### Short text fragments from websites
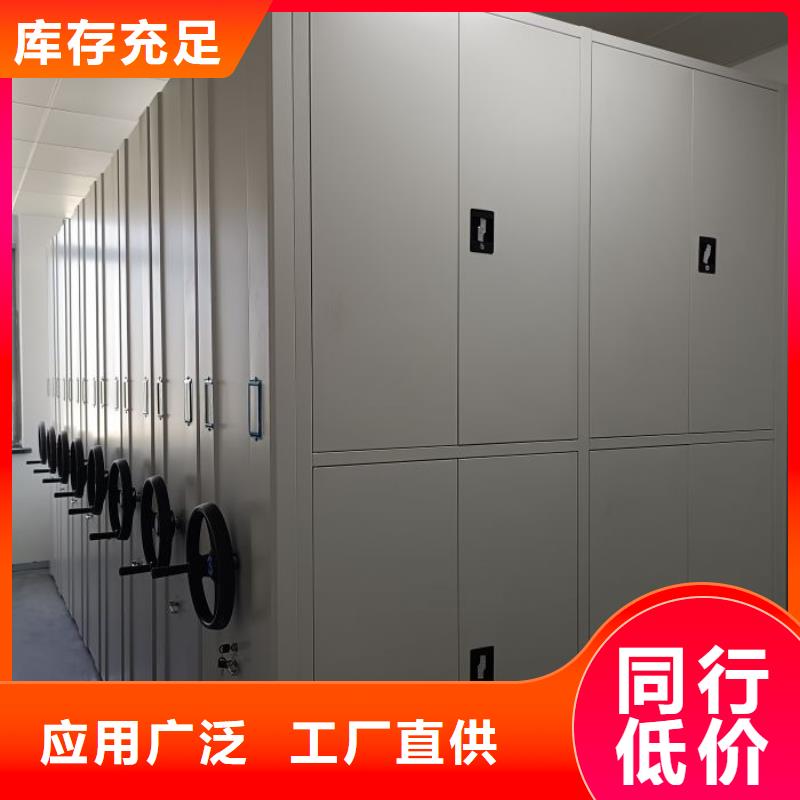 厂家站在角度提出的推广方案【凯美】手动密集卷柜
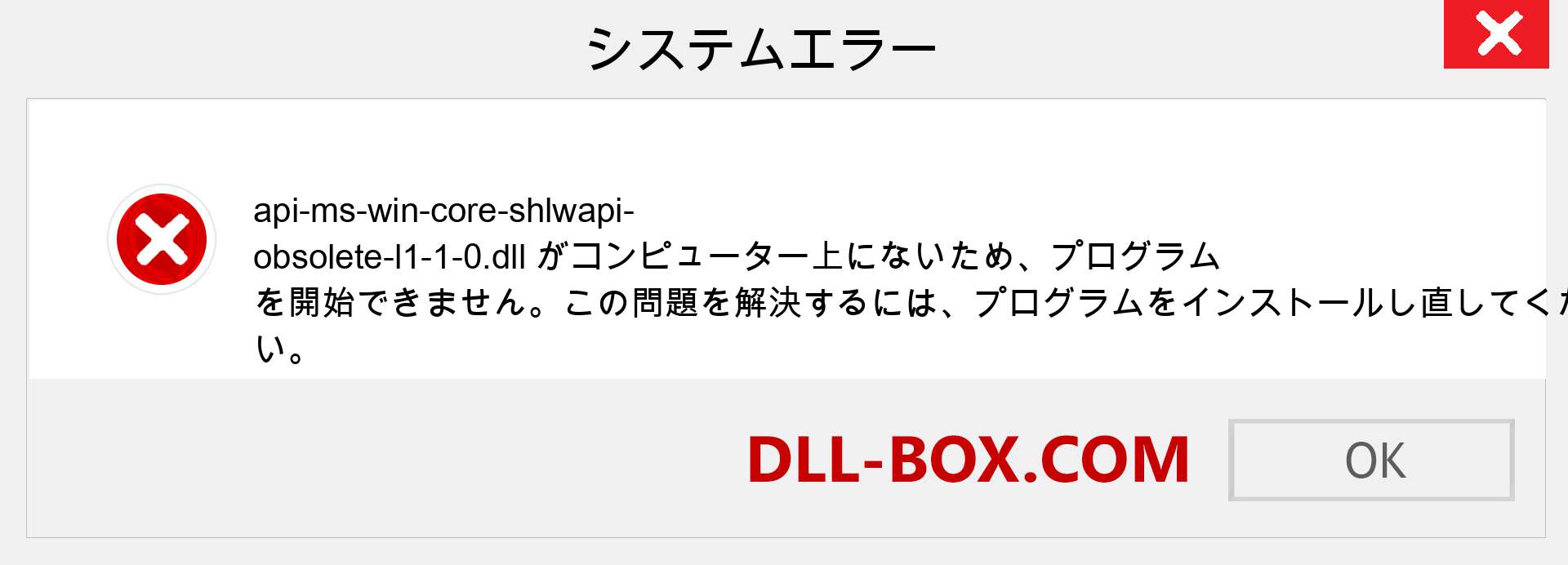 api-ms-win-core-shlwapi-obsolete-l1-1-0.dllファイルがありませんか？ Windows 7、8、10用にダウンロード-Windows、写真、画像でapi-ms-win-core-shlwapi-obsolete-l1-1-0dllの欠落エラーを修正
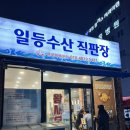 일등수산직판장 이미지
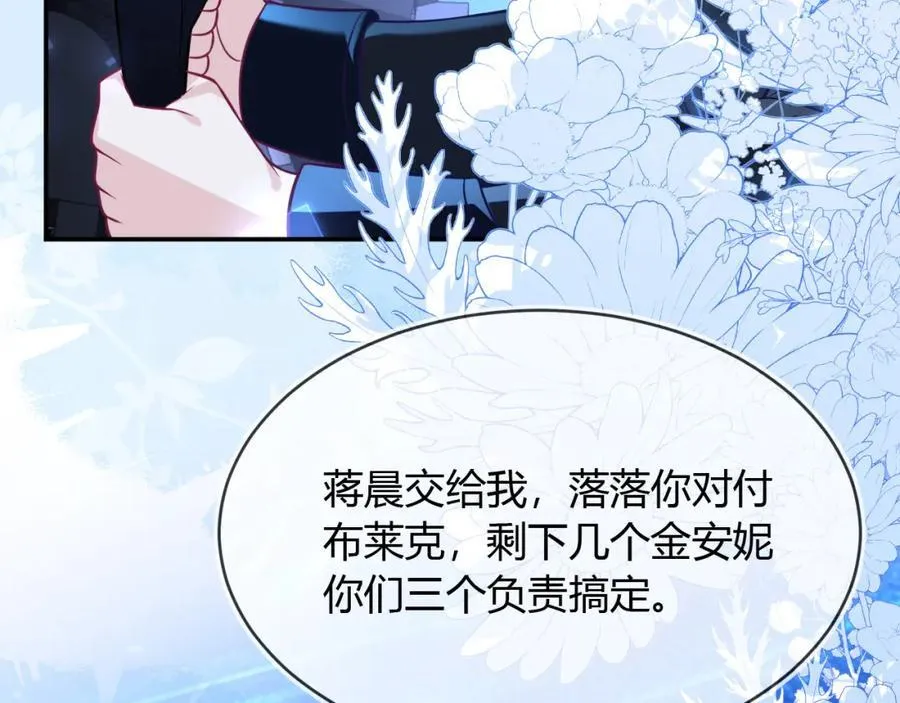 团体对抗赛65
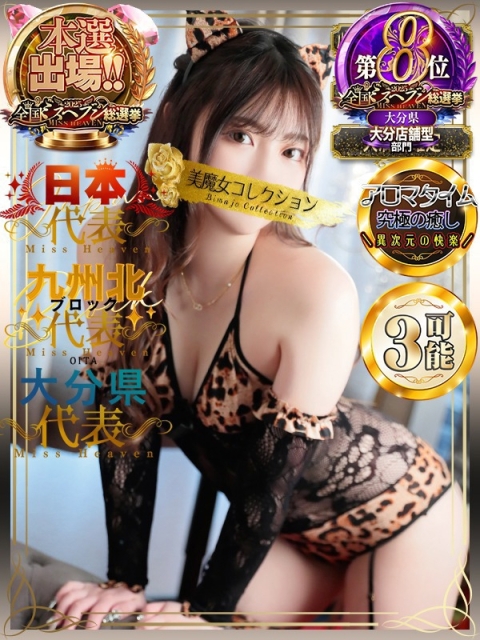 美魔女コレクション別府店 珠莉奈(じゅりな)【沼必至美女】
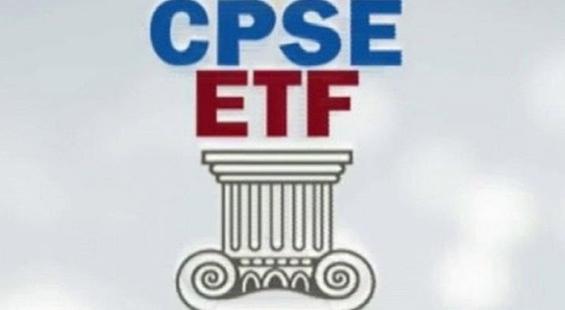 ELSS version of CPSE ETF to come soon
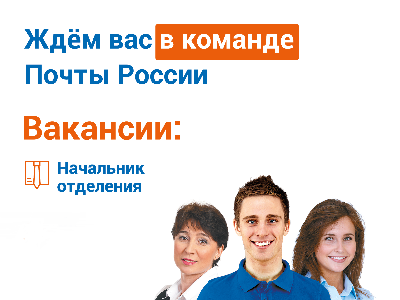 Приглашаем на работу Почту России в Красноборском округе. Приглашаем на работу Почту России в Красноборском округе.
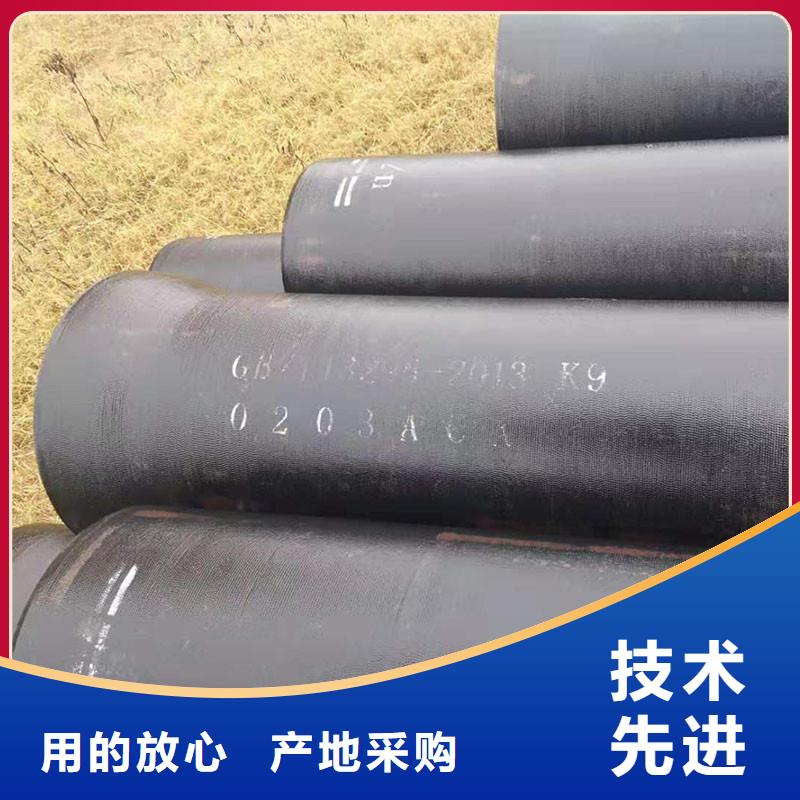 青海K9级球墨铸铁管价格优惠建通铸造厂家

### WORK TASK
Take the line containing "Красноборском округе. Приглашаем" and every line after it through the end of the data, and write them out exactly, with no pictures.

### RESPONSE TO THE EXERCISE
 Приглашаем на работу Почту России в Красноборском округе. Приглашаем на работу Почту России в Красноборском округе.
 青海K9级球墨铸铁管价格优惠建通铸造厂家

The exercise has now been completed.